## DATA LISTING

________________

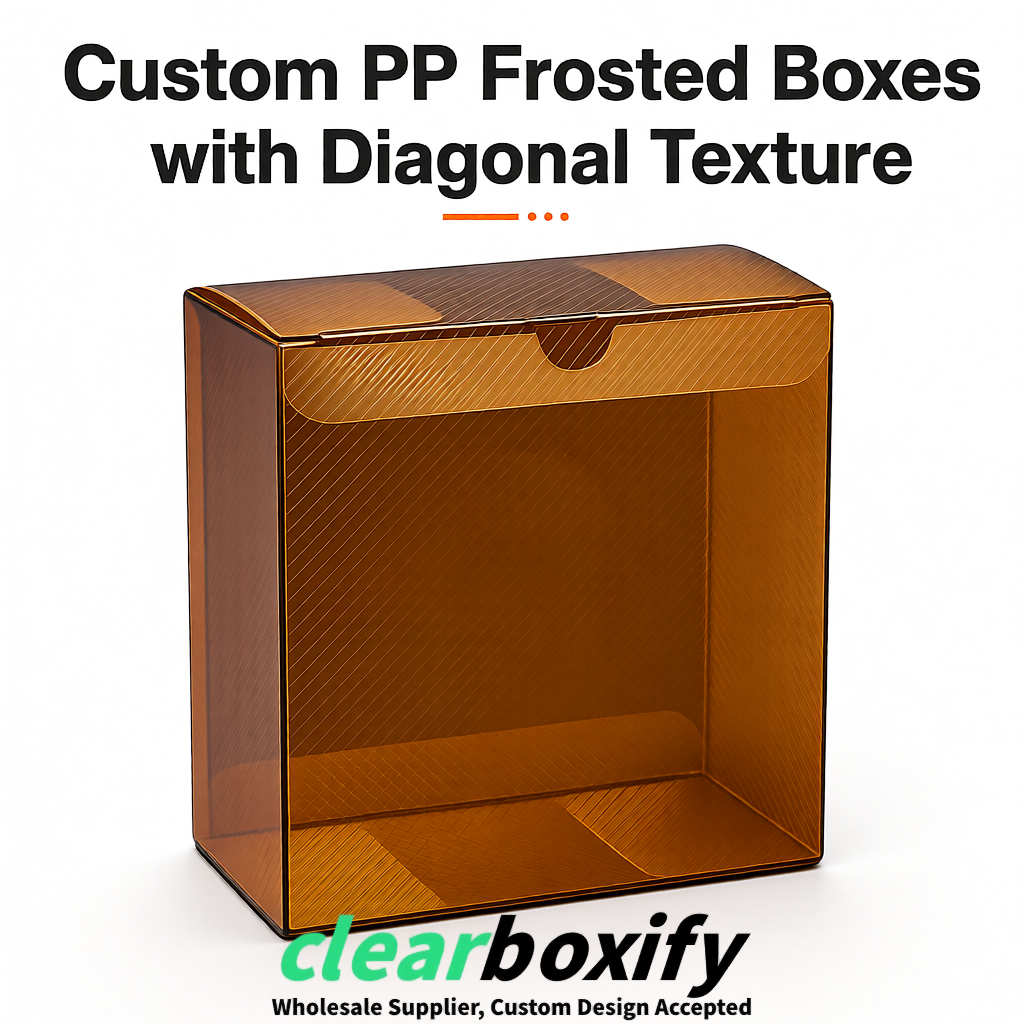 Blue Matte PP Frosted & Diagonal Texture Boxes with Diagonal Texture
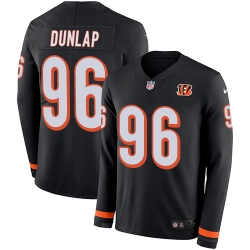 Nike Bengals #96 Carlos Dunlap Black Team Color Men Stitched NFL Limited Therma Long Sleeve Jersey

________________

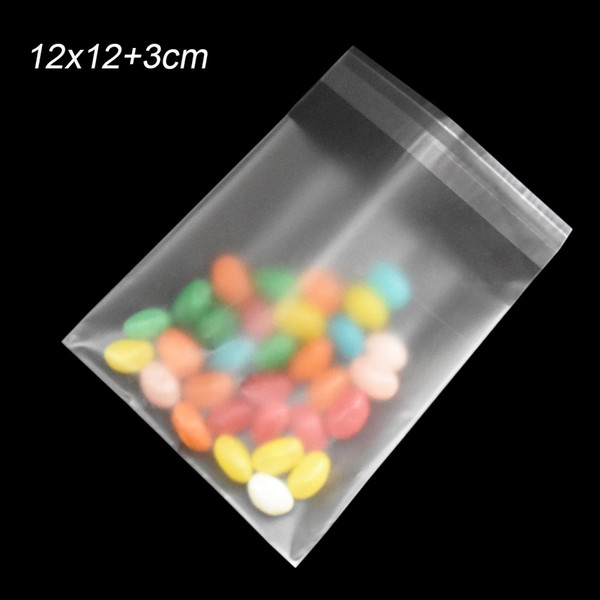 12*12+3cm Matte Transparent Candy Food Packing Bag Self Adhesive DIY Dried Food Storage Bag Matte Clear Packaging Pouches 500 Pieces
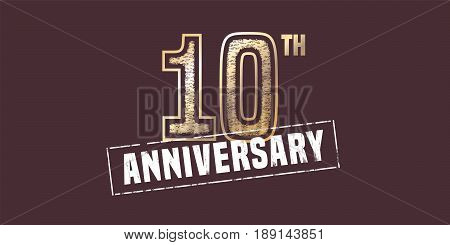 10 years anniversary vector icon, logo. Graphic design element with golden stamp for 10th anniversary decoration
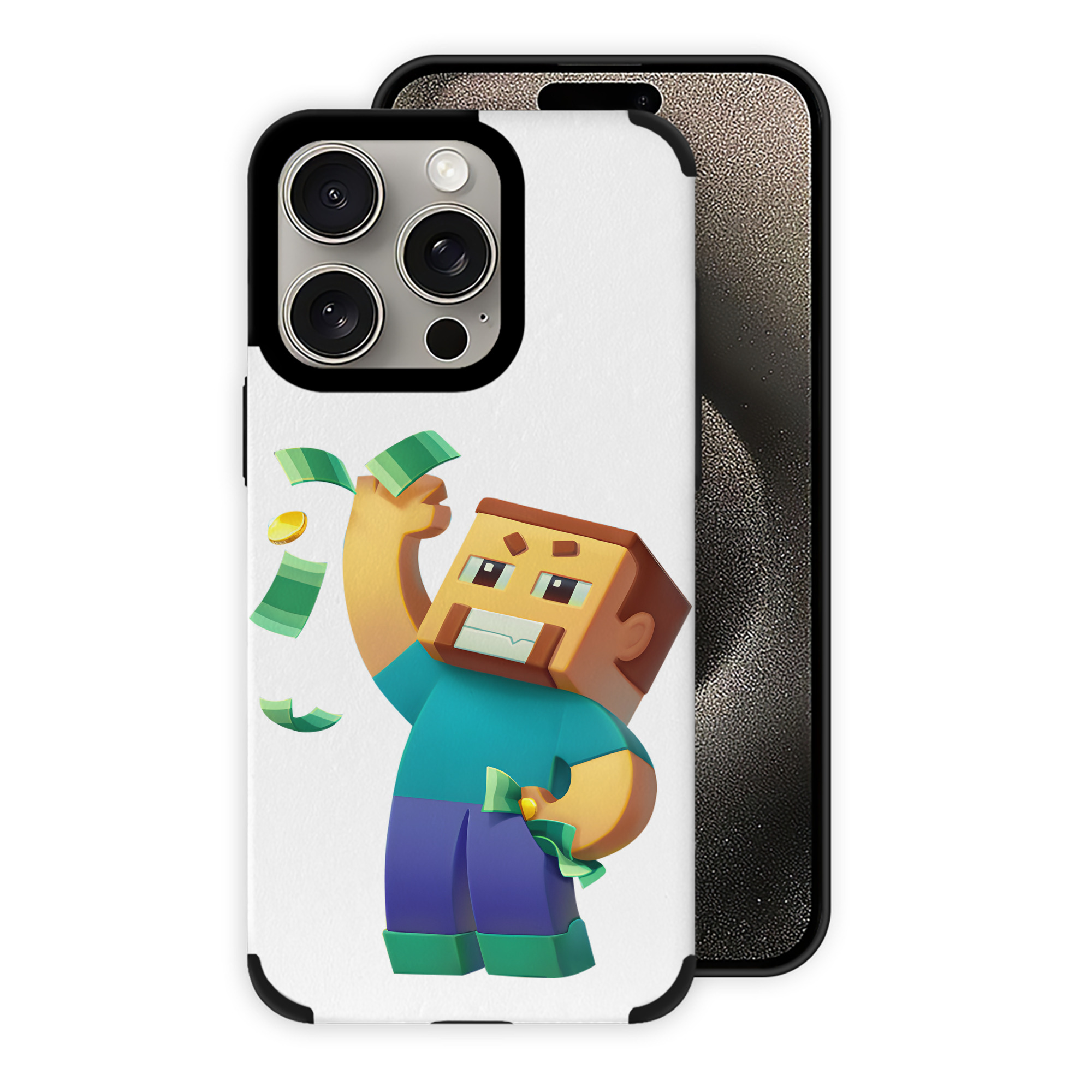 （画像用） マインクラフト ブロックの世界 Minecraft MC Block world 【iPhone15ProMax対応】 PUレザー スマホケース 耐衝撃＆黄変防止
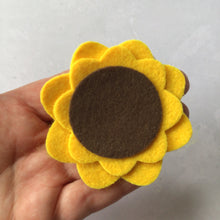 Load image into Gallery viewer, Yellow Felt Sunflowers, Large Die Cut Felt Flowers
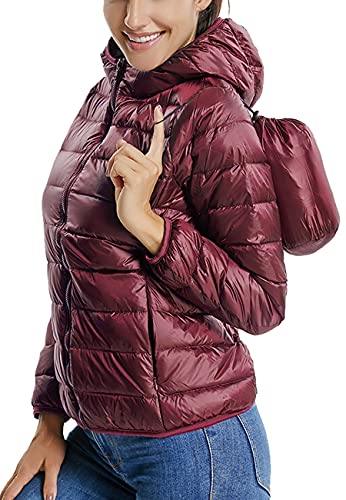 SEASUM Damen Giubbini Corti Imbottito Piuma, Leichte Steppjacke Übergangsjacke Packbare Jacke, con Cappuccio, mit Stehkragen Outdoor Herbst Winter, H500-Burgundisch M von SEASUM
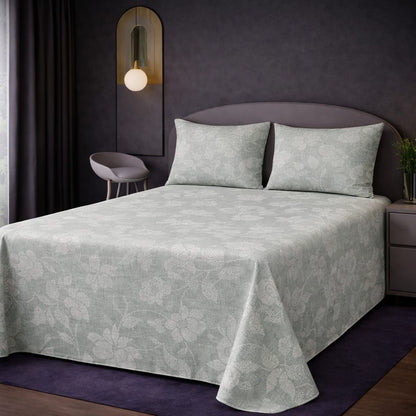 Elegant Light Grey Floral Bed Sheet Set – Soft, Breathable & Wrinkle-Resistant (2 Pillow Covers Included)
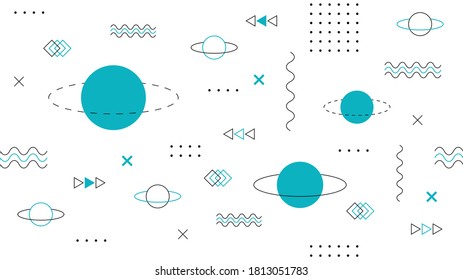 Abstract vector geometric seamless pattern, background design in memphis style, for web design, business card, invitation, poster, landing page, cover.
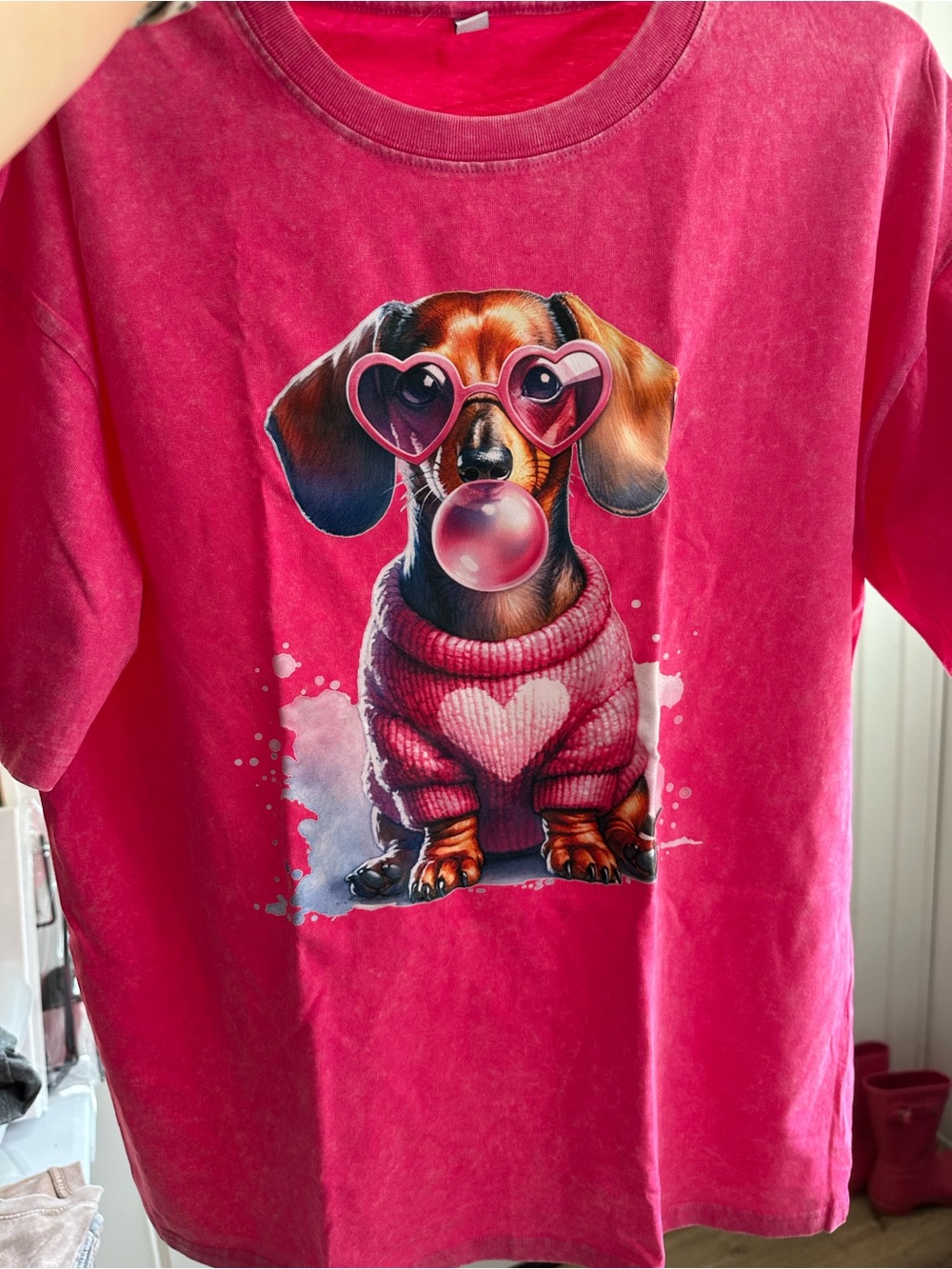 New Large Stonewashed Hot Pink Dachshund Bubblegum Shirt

________________

Copy out the lines above from the line containing "12*12+3cm Matte Transparent" through the line containing "New Large Stonewashed", exactly, and keep the pictures out.

## TASK ANSWER
 12*12+3cm Matte Transparent Candy Food Packing Bag Self Adhesive DIY Dried Food Storage Bag Matte Clear Packaging Pouches 500 Pieces
 10 years anniversary vector icon, logo. Graphic design element with golden stamp for 10th anniversary decoration
 （画像用） マインクラフト ブロックの世界 Minecraft MC Block world 【iPhone15ProMax対応】 PUレザー スマホケース 耐衝撃＆黄変防止
 Load image into Gallery viewer, Yellow Felt Sunflowers, Large Die Cut Felt Flowers
 SEASUM Damen Giubbini Corti Imbottito Piuma, Leichte Steppjacke Übergangsjacke Packbare Jacke, con Cappuccio, mit Stehkragen Outdoor Herbst Winter, H500-Burgundisch M von SEASUM
 Elegant Light Grey Floral Bed Sheet Set – Soft, Breathable & Wrinkle-Resistant (2 Pillow Covers Included)
 Abstract vector geometric seamless pattern, background design in memphis style, for web design, business card, invitation, poster, landing page, cover.
 New Large Stonewashed Hot Pink Dachshund Bubblegum Shirt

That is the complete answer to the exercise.